Lo que entendemos por experiencia del debilitamiento, en el campo de la política y la ética, tiene mucho que ver con denunciar la inconsistencia de un fundamento absoluto en forma de una ley, que pretende revelarse como una estructura estable. Y que, en nombre de ella, justifica el ejercicio de acciones violentas guiadas, además, por el “argumento” de la fuerza.
Pero la experiencia del debilitamiento es también “conciencia límite”. Ella representa al mundo, no como algo dado de forma natural, sino que se instituye e inventa a partir de una donación de sentido que la tradición cultural ayuda a construir. Esta experiencia nos conduce a pensar en el espacio de la precariedad de la vida y en aquellas situaciones donde la condición humana se revela como lugar de encuentro entre la ética y la vida posible que merece ser vivida.
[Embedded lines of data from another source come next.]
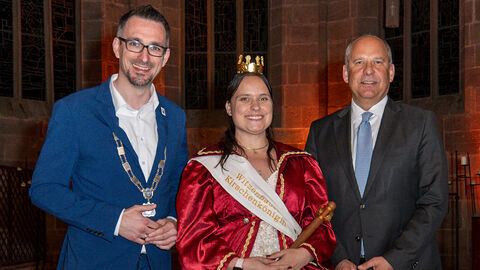 Innenminister Roman Poseck mit Bürgermeister Lukas Sittel und der Kirschkönigin Jana II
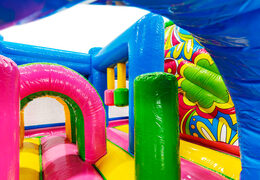 Roze bogen en groene pilaren kleurrijke binnenkant van Multiplay Ibiza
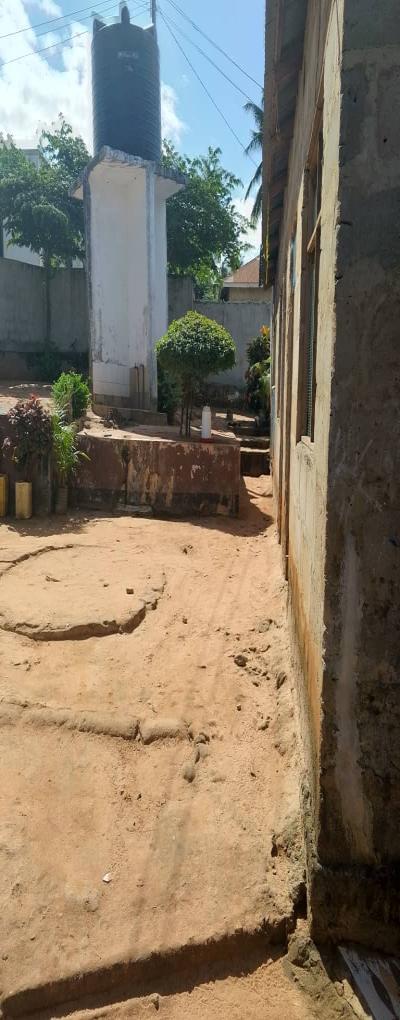 Intercity Property Hub: House for Sale.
Y aquí, el punto que entiendo fundamental pero que, hasta ahora, no se le ha prestado debida atención. La ética, en tanto disciplina filosófica y ejercicio de la persona, también se nos presenta como “posibilidad liberadora” que permite desenmascarar ciertos prejuicios y afirmar nuestra “voluntad de sentido”. Esto sin que tengamos que recurrir a la imposición o a la violencia.
Ahora bien, ¿cómo se materializa esa experiencia del debilitamiento a la cual hacíamos referencia y que puede retomarse como práctica ética y ejercicio político? Pues creemos que debe consistir en erigir un proyecto de sociedad decente. Que para nosotros es viable y es uno de los caminos hacia la construcción de una ciudadanía más allá del ideal civilizatorio y tecnológico. Donde se lleve a cabo un verdadero programa de integración a través de la educación. Una educación donde no solo la tecnociencia juega su papel, sino además las artes, las humanidades y todo lo que posibilita una “rehumanización” del individuo a la luz del cambio tecnológico en la cultura y a los nuevos procesos de deshumanización.
Nuestra convicción es que la seducción que en los últimos años ha provocado la ética se debe a que nos hemos dado cuenta de su falta.
Me parece que la vocación ética del pensamiento se ve posibilitada por llevar a cabo ese ejercicio de debilitamiento de la potencia y la angustia que produce el señorío implantado desde la sinrazón. La ética vuelve sobre estas cuestiones. Nos obliga a redefinir nuestros modelos educativos, hoy manipulados por ese efecto bárbaro dejado por el gran enemigo de todos: el neoliberalismo.
Nuestra convicción es que la seducción que en los últimos años ha provocado la ética se debe a que nos hemos dado cuenta de su falta. Por primera vez en mucho tiempo, quizás desde Maquiavelo a Donald Trump, hoy reclamamos una nueva reunificación entre ética y política, ética y derecho, ética y educación. Una especie de nuevo retorno a lo griego y en especial a Aristóteles, para quien la política es impensable sin la ética.
Lo cierto es que, desde la globalización y el giro digital de la cultura, se ofrece la oportunidad de realizar la experiencia del debilitamiento que hemos mencionado al inicio de este artículo. Recordando que ésta se realiza hacia la fuerza, el autoritarismo, la violencia y el desparpajo venenoso del capitalismo crazy.
Quizás la única vía posible para volver a pensar en nosotros mismos sea la ética como manera de reencantar el mundo y entender sus adversidades. De todas formas, el ser humano es un «ser-en-trayecto». Que recorre los límites y las fronteras del mundo. Hace andar las cosas con sus decisiones y sus actos concretos. Un «trayecto» marcado por el paso del sinsentido al sentido y de éste, a la interrogación del enigma de la existencia.